Sometimes those "Free Public Wi-Fi" networks that smartphones can connect to when out and about are actually fakes, created by scammers.

A funny thing happened to me on the way to the office this morning. I was sitting in a carriage on a District line train, trying to check Twitter, and when I tried to connect to one of Virgin Media’s public Wi-Fi hotspots I was instead bounced over to something called “PDM Wi-Fi”. Then a login screen appeared:

Now, Facebook doesn’t offer “free wifi [sic] with more than 50 Facebook Hospots in London ! [sic]”. I could also pick the hotspot up when the train was sitting in tunnel between stations, and none of London’s underground trains carry Wi-Fi hotspots. In short, it was a fake hotspot, masquerading as a legitimate one.

I didn’t put my Facebook username and password into it to see what would happen, as chances are it was a phishing scam from someone - possibly sitting near me in the same carriage at the time, such was the strength of the signal - looking to get my login details.

Whoever was behind it was broadcasting a bunch of other networks with dodgy names too (I didn’t screengrab, but they included things like “freeBTwifi”). Phishing attacks using public hotspots are no new thing - appearing in public spaces, airport terminals, stations, and so on for years - but this is the first time I’ve seen or heard of one on a moving train.

Why do it? Well, aside from the passwords, when you access the internet through a public hotspot, you're giving whoever has access to that hotspot the ability to view what you're doing, as long as you don't encrypt your data. This is why tech people get annoyed at Yahoo for taking so long to turn on HTTPS encryption as default for its email service, several years after Google did the same. It's an unnecessary vulnerability that could be exploited.

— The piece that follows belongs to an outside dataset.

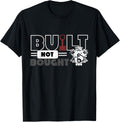 Funny Diesel Car Mechanic Quote Built Not Bought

To keep yourself safe when using public internet hotspots, the first sign that something won’t be right is the type of connection. Ad-hoc networks are where two or more computers connect to each other (you can create one with any smartphone quite easily, if you need to share its web connection with a laptop, for example), and normally show up as different in any list of wireless networks you can connect to. My phisher had disguised his hotspot as a legitimate router, but someone else may not take that step.

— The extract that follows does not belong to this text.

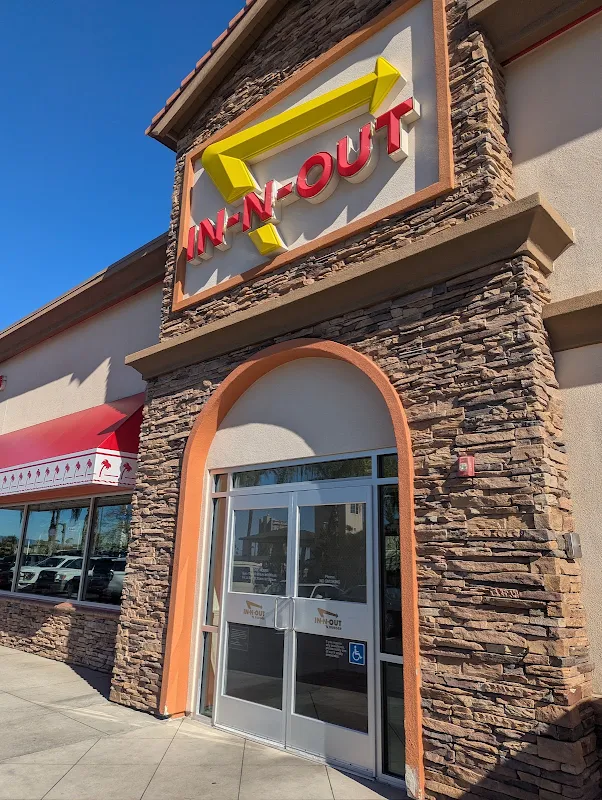 In-N-Out Burger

There’s also the same sense of scepticism used for spam emails that can be used here. Look at that sign-in page above - something immediately feels wrong, doesn’t it? Quite aside from the grammatical mistakes and the off-centre words on the buttons, it should immediately be suspicious that a hotspot is asking for confidential information from a completely separate service, just as it would be suspicious for a bank to call you and ask for confidential information to prove your identity unprompted.

If you’ve paid attention to the news, as well, a lightbulb should go off as a) Virgin Media’s deal to provide Wi-Fi in Tube stations got a lot of press and cost a lot of money, whereas b) there’s been nothing about a similar deal struck by Facebook.

I’ve contacted TfL to see if they’ve noticed anyone trying to pull this trick before, and will update this piece when they respond.